John Toenjes, a composer and music director for the dance department and the founder and director of The Laboratory for Audience Interactive Technologies, created “Critical Mass” during a workshop last spring with visiting choreographer Chad Michael Hall. An early version of it was performed at Krannert Center in April 2016. The audience was able to walk onstage during that performance and interact with the set and augmented-reality pieces through the cellphone app. Toenjes modified the piece for its premiere at February Dance, as the audience will be seated.
“I had to broaden how to include the audience in the environment,” Toenjes said.
Some selected audience members will be invited onstage during February Dance, and others can use a phone app to hear some of the musical score played through the phone; to see lighting effects; to select which of four duets they like best; and to listen to dancers talk about their choreography.
“A lot of people go to a modern dance concert and they’re mystified. This gives you a chance to know how choreographers came up with what they want to do,” Toenjes said of the dancers’ discussions that are available through the app.
“We’re really experimenting with how cellphones can be used in a theatrical setting. It’s a delicate balance, because we don’t want people always looking at their phones,” he said.
The set will feature a large cube with tablet computers on the sides, providing a view of the dancers inside through the computers’ cameras. A large-screen TV will supplement the view, until the dancers burst out of the cube.

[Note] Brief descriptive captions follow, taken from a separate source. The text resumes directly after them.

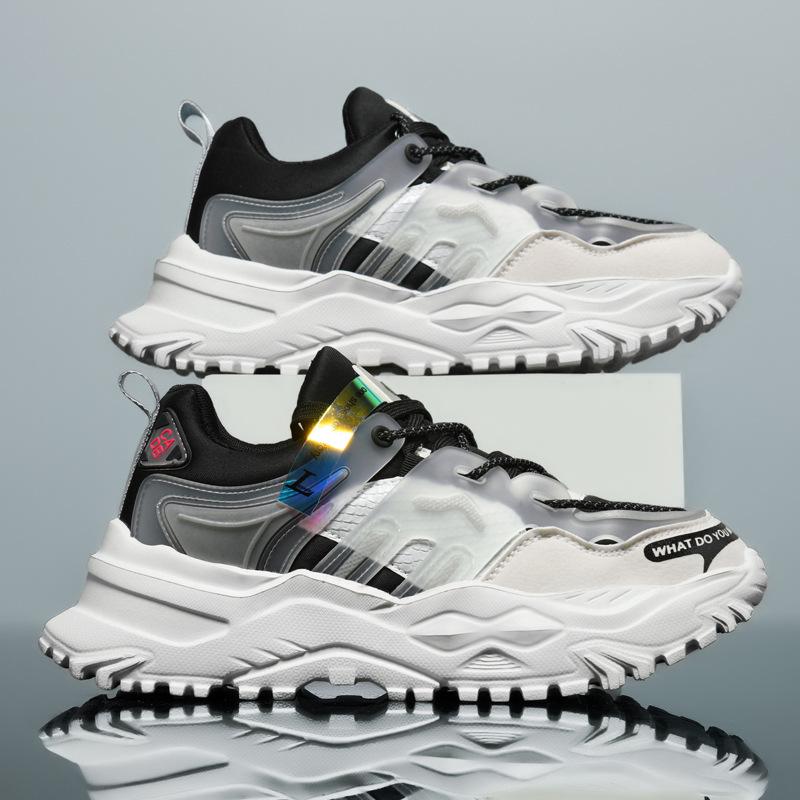 Large size country dad shoes comfortable men's thick soles heightened outdoor breathable casual sports shoes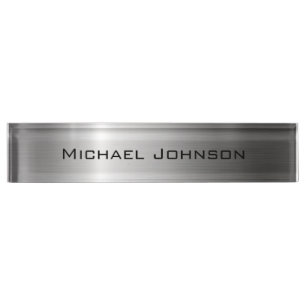 Personalized Silver Metallic Nameplate
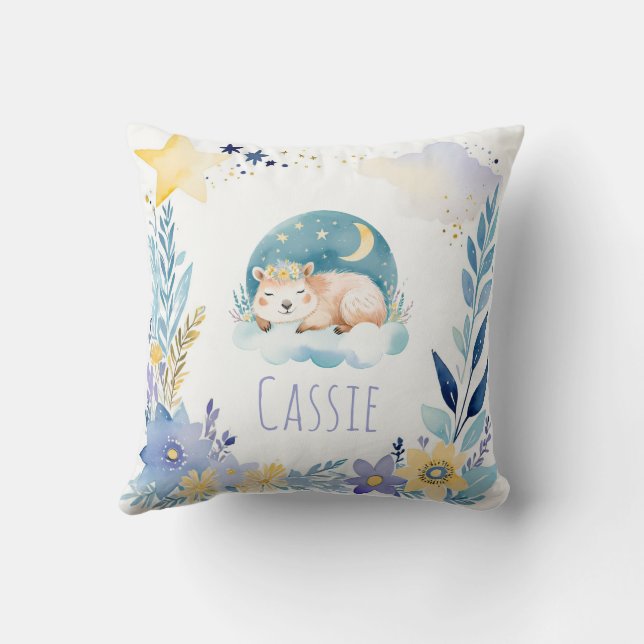 Capybara Boho Nom Coussin de la garderie (Verso)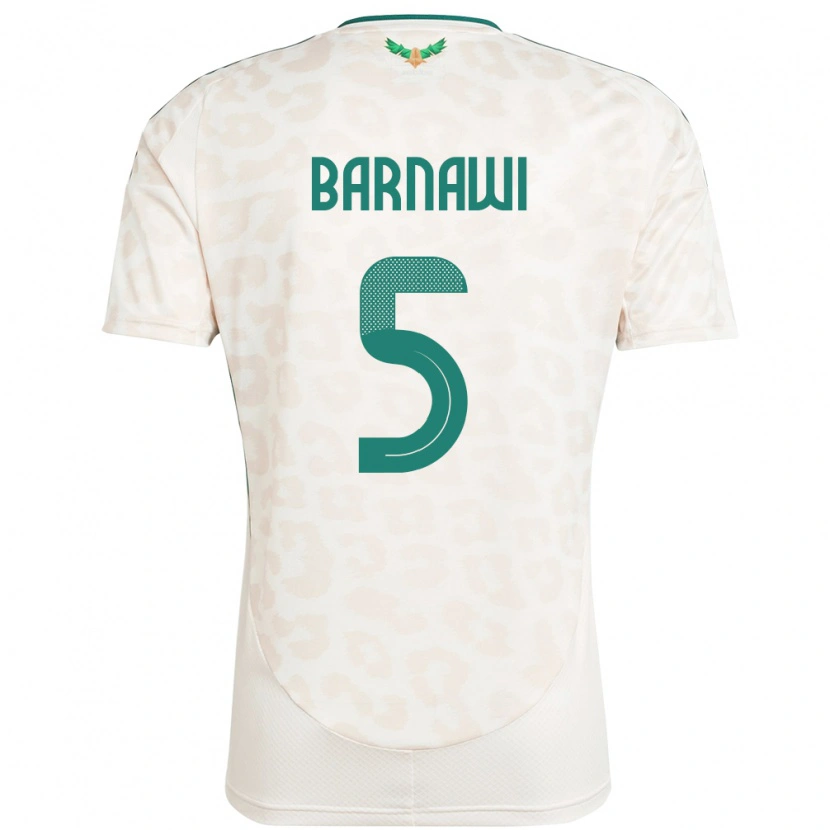 Danxen Mulher Camisola Arábia Saudita Mohammed Barnawi #5 Branco Alternativa 24-26 Camisa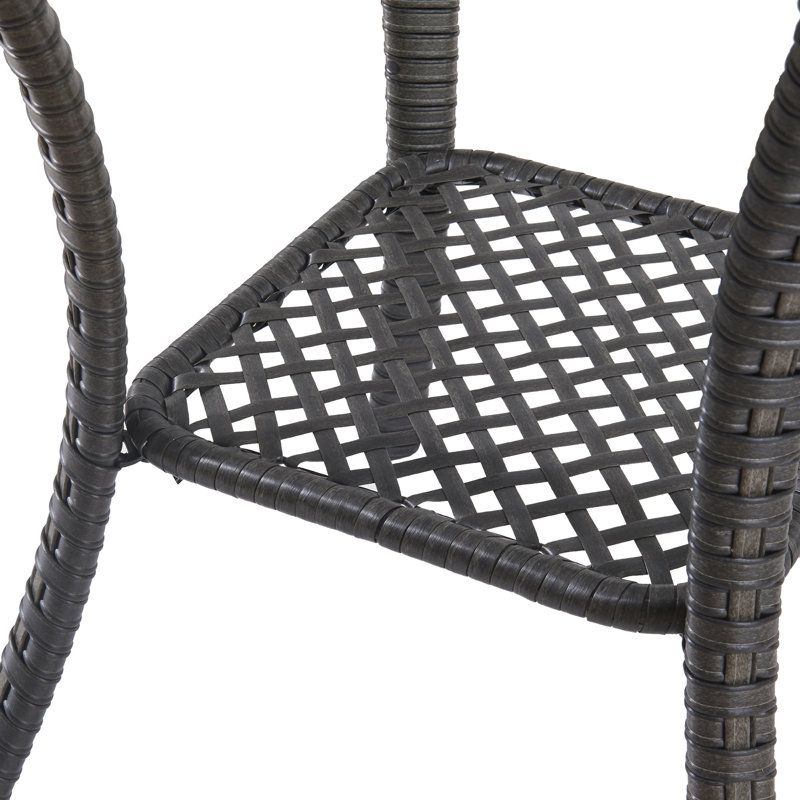 Ensemble de conversation à plusieurs chaises en rotin 8 pièces avec coussins et table d'appoint Schutt, Brun, Bleu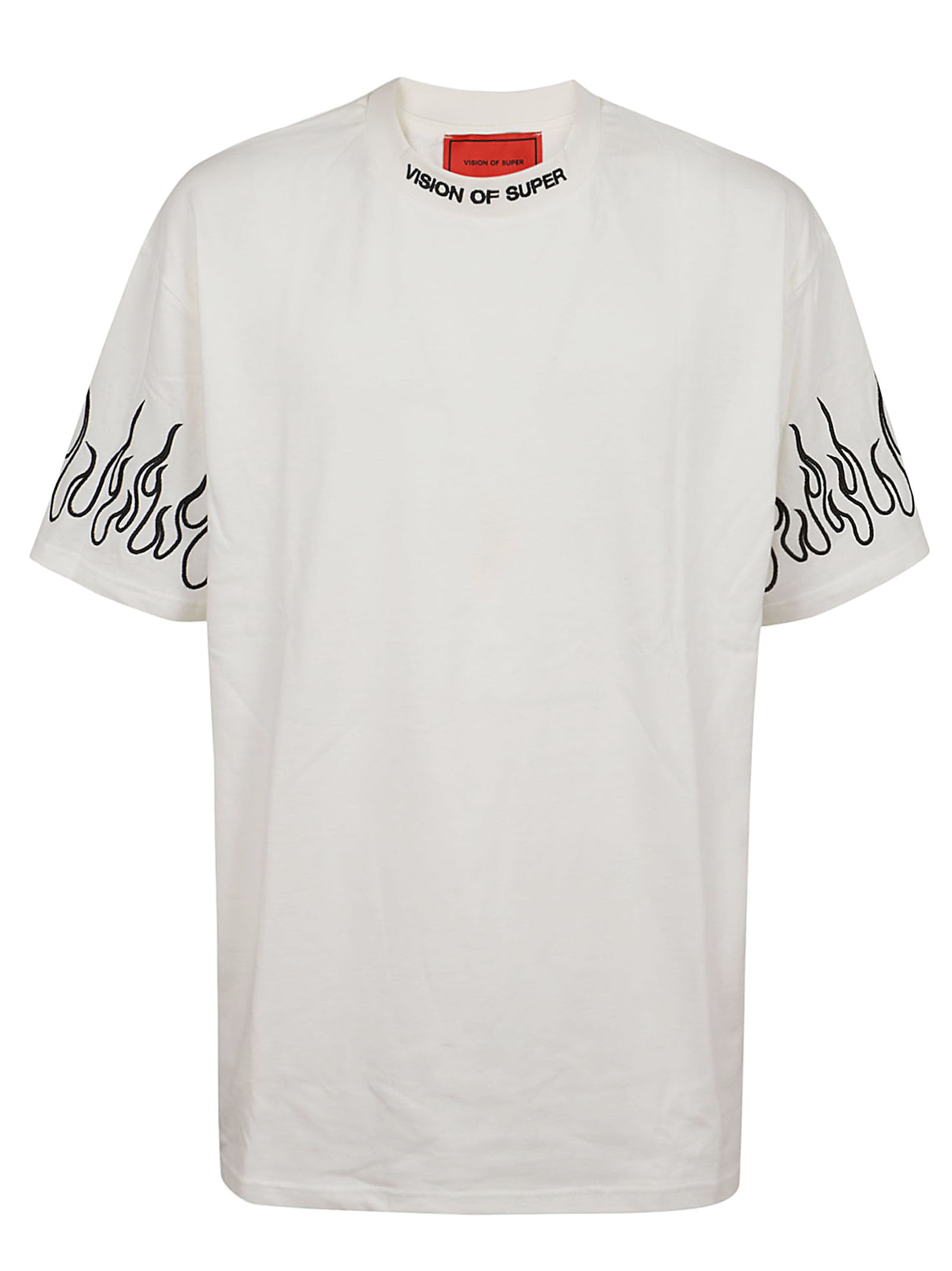 White T-shirt With Black Flames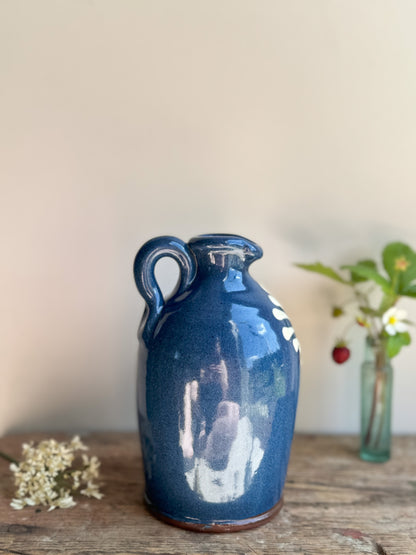 Vintage Wetheriggs Pottery Blue Slipware Oil Jug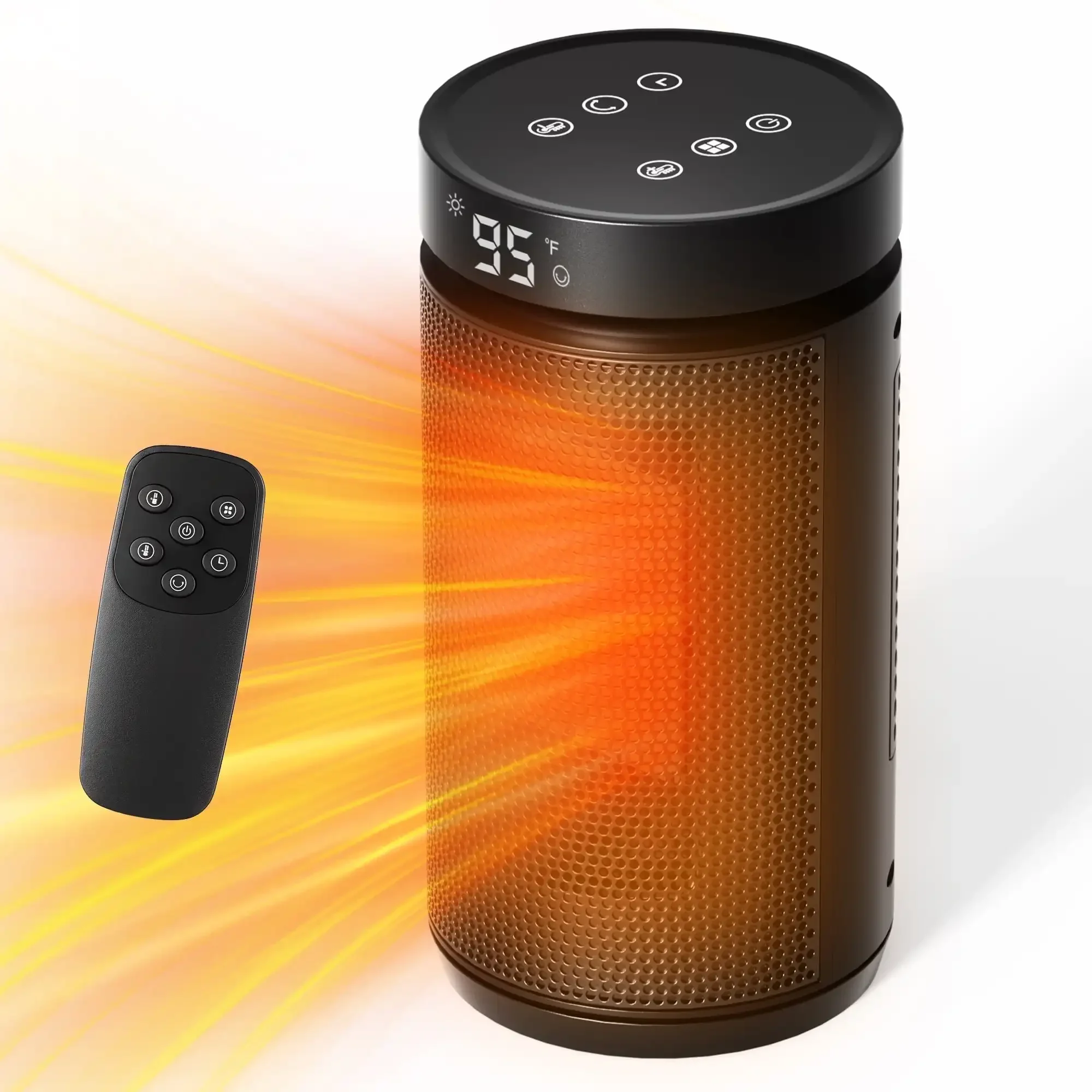 

1500W Space Heater, Remote 70° Oscillation 12H Timer for Bedroom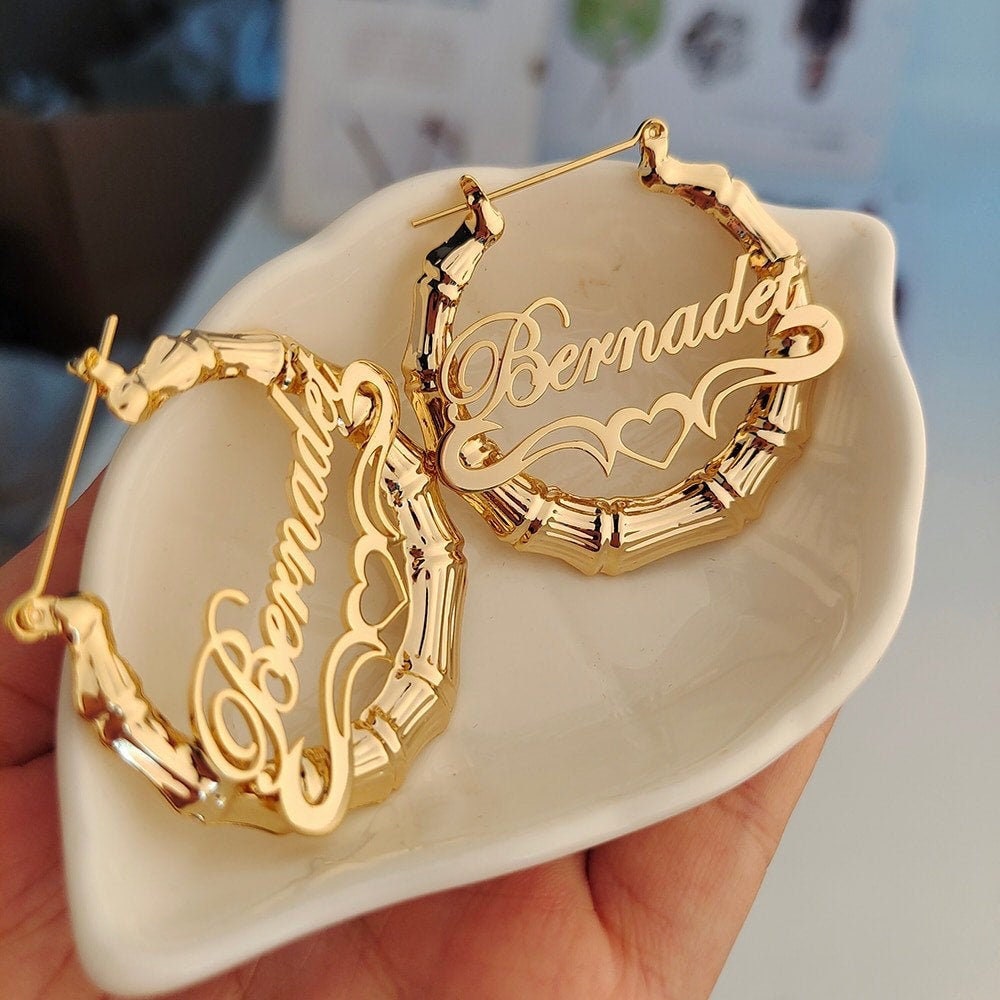 Personalized Hoop Name Earrings, Custom 40mm-100mm Bamboo Style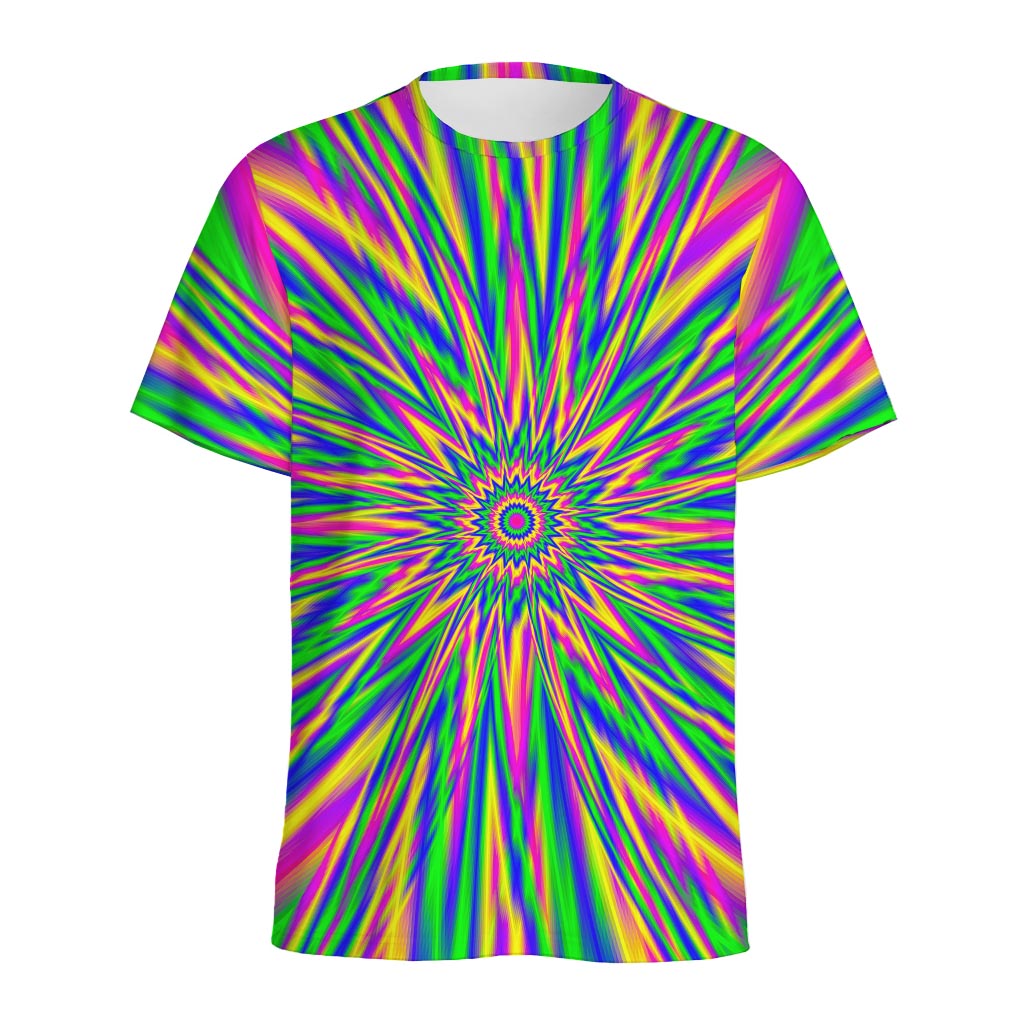 Vibrant Psychedelic Optical Illusion Men's Sports T-Shirt
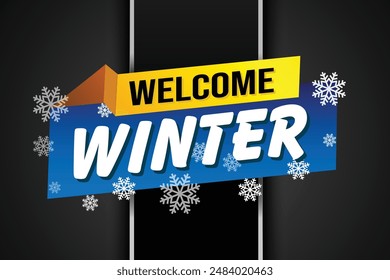 welcome winter word text concept icon logo sign symbol vector note blue style for use landing page, template, social media, web, mobile app, poster, banner, flyer, background, gift card, coupon

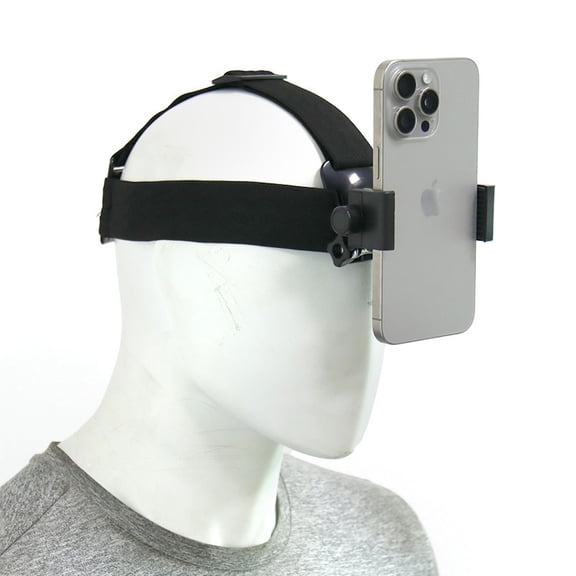 POV Head Mount Phone Holder, Hands-Free Smartphone Head Strap Mount, Adjustable Phone Holder for First-Person Video, Vlog, Travel, Hiking & Outdoor Recording, Compatible with iPhone and Android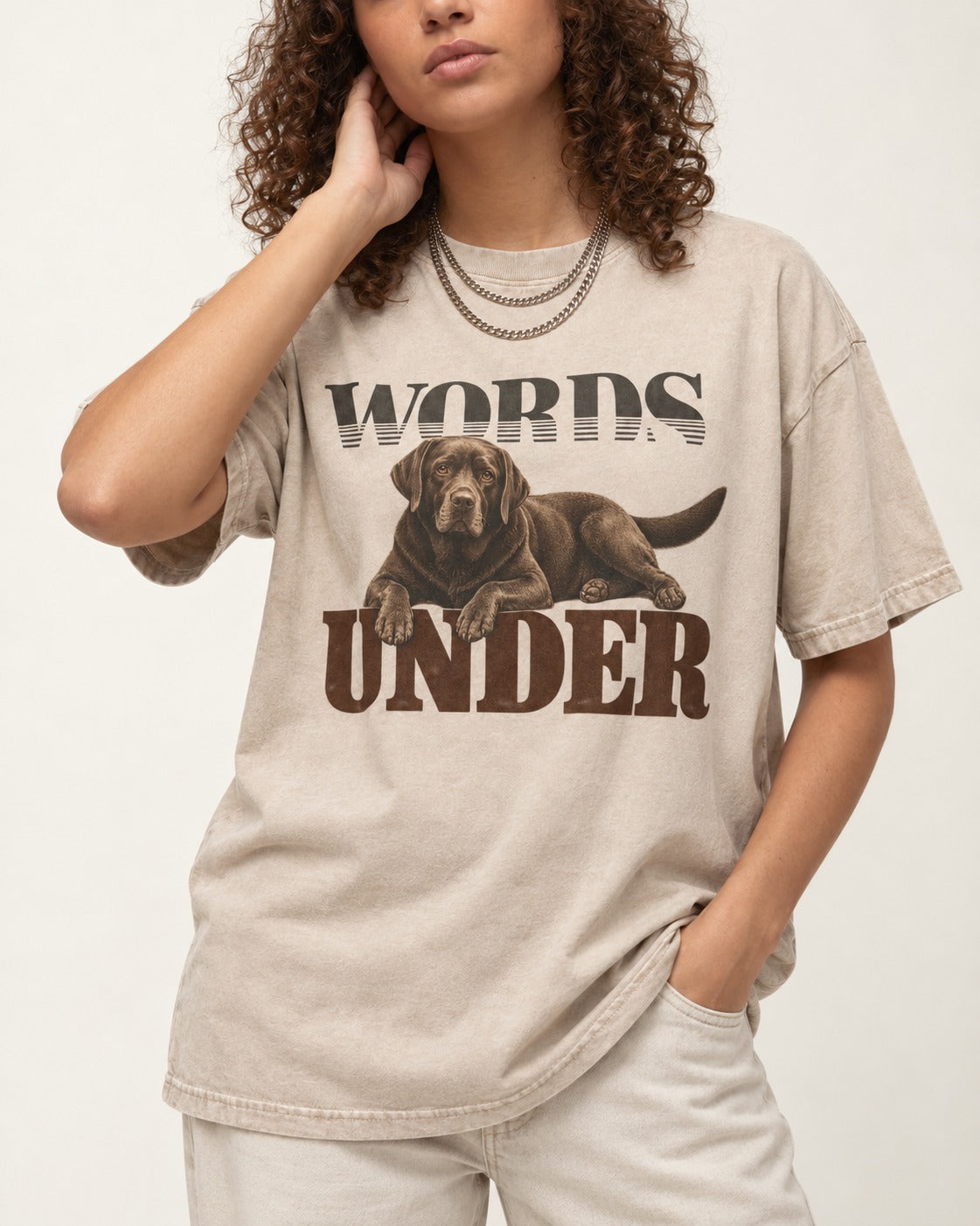Words Under Labrador Retriever Washed Tee in Apricot, worn by a model, front view
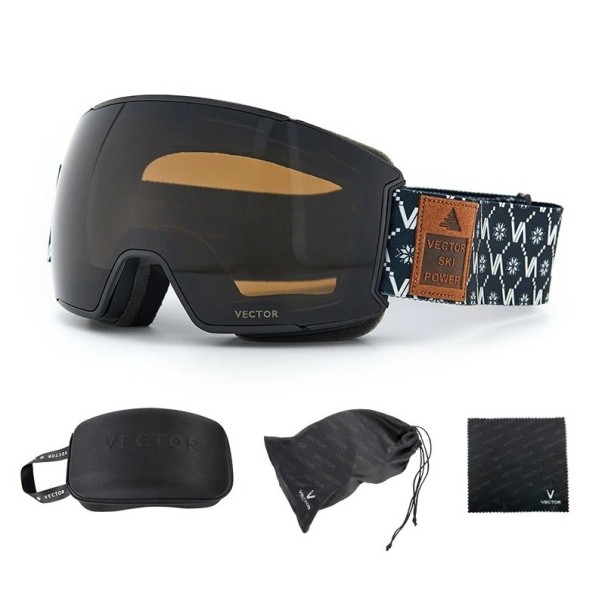Unisex Ski Goggles UV400 Plastic Anti-Fog with Vector Logo Black Comfortable Outdoor Sport Safe Vision Stylish 1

February Dance will celebrate the career of Renee Wadleigh, a dancer, choreographer and dance professor who recently retired from the dance department after 25 years of teaching. Wadleigh taught dance technique, choreography and contemporary directions.
February Dance will feature one of Wadleigh’s works, “The Quench.” It explores memory and how past events affect the future.
The performances will also feature “In the String Room” by dance professor Rebecca Nettl-Fiol. Dancers move in and out of string dropping from the ceiling. The dance examines shifting spaces and ambiguous borders, and how they affect the way we perceive movement.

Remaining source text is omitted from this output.